(Given data Opens)
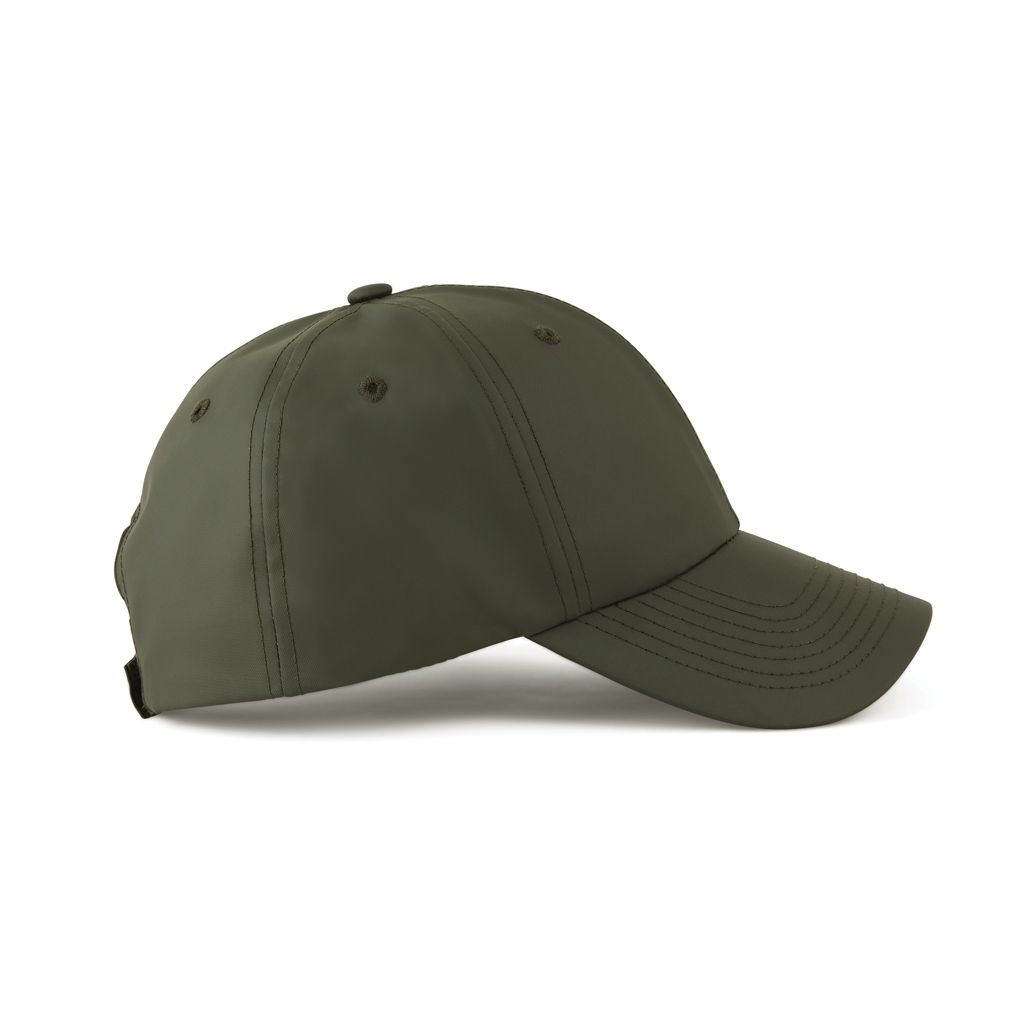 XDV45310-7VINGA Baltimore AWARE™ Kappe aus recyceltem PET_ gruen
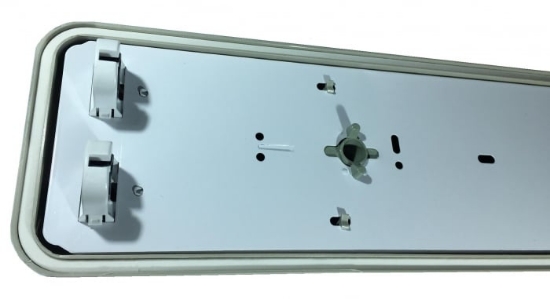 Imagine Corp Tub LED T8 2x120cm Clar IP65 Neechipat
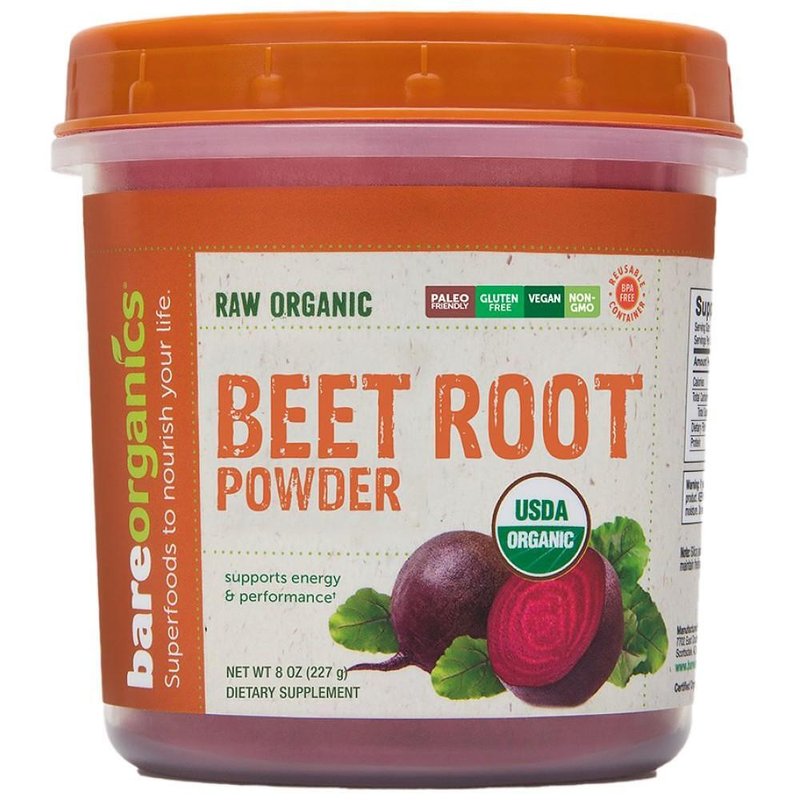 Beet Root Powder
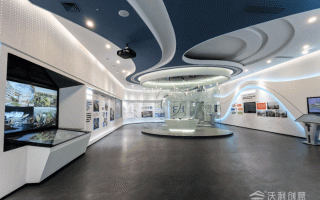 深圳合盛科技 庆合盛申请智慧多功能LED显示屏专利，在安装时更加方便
(Given data Closes)
(Given data Opens)
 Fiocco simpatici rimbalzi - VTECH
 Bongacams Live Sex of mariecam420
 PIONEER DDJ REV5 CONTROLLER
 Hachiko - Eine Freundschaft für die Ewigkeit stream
(Given data Closes)
(Given data Opens)
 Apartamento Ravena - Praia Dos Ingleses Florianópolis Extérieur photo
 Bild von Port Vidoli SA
(Given data Closes)
- **What you are asked to do**:
Starting with the line that has "Beet Root Powder" and ending with the line that has "深圳合盛科技 庆合盛申请智慧多功能LED显示屏专利，在安装时更加方便", repeat the lines above exactly, omitting every picture.

- **Answer to this problem**:
 Beet Root Powder
 深圳合盛科技 庆合盛申请智慧多功能LED显示屏专利，在安装时更加方便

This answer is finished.